Information provided =>
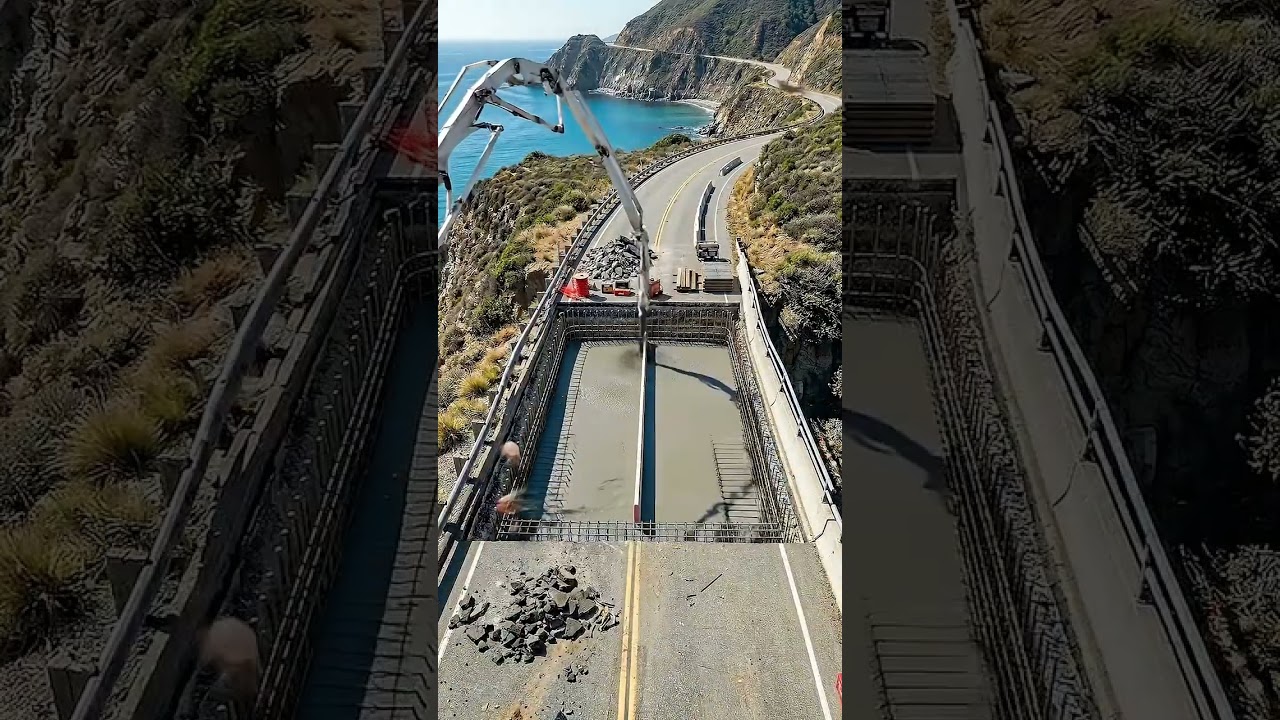Engineers Rebuilt This Coastal Road Against All Odds! 🌊🏗️ #trending #beforeandafter #youtubeshorts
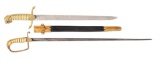 LOT OF 2: BRITISH NAVAL SWORDS.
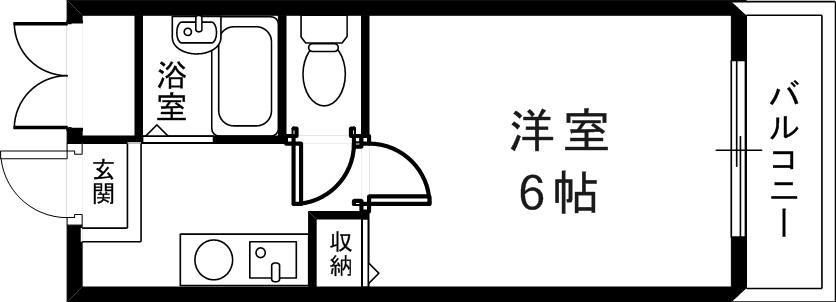 K-COURT西代(1K/3階)の間取り写真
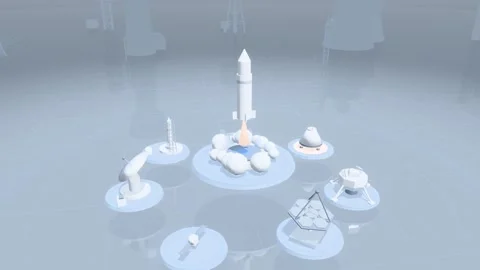 Rocket Lifting Off Above A Ring Of Floating Spaceport Platforms In A Bright Stock Footage 344103515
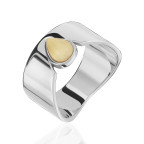 Кольцо 447-1, Серебро 925, Серебрение, Янтарь-Матовый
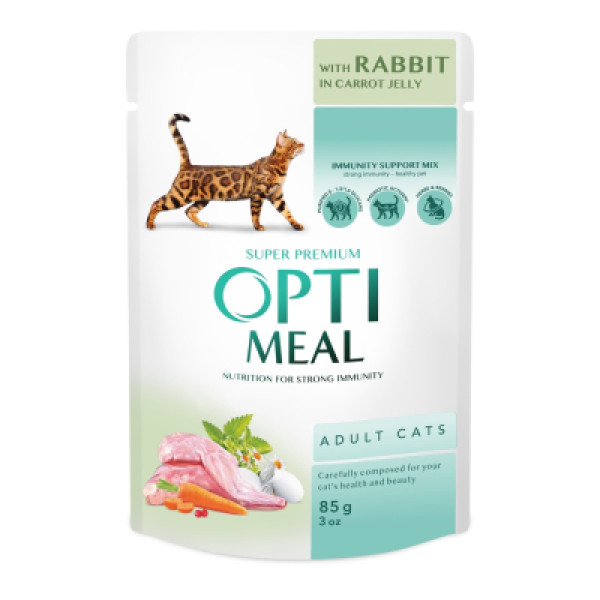 Optimeal (Оптимил) Cat Rabbit in Carrot Gravy - Влажный корм для кошек с роликом в морковном в соусе 85 г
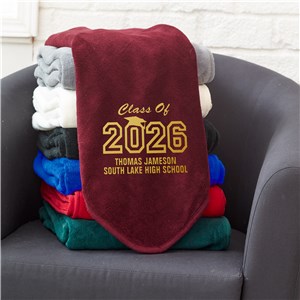 Embroidered Graduation Fleece Throw Blanket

Work required =>
Give the data back exactly, omitting all pictures.

Output for this task =>
Engineers Rebuilt This Coastal Road Against All Odds! 🌊🏗️ #trending #beforeandafter #youtubeshorts
 LOT OF 2: BRITISH NAVAL SWORDS.
 K-COURT西代(1K/3階)の間取り写真
 Rocket Lifting Off Above A Ring Of Floating Spaceport Platforms In A Bright Stock Footage 344103515
 Кольцо 447-1, Серебро 925, Серебрение, Янтарь-Матовый
 Optimeal (Оптимил) Cat Rabbit in Carrot Gravy - Влажный корм для кошек с роликом в морковном в соусе 85 г
 Embroidered Graduation Fleece Throw Blanket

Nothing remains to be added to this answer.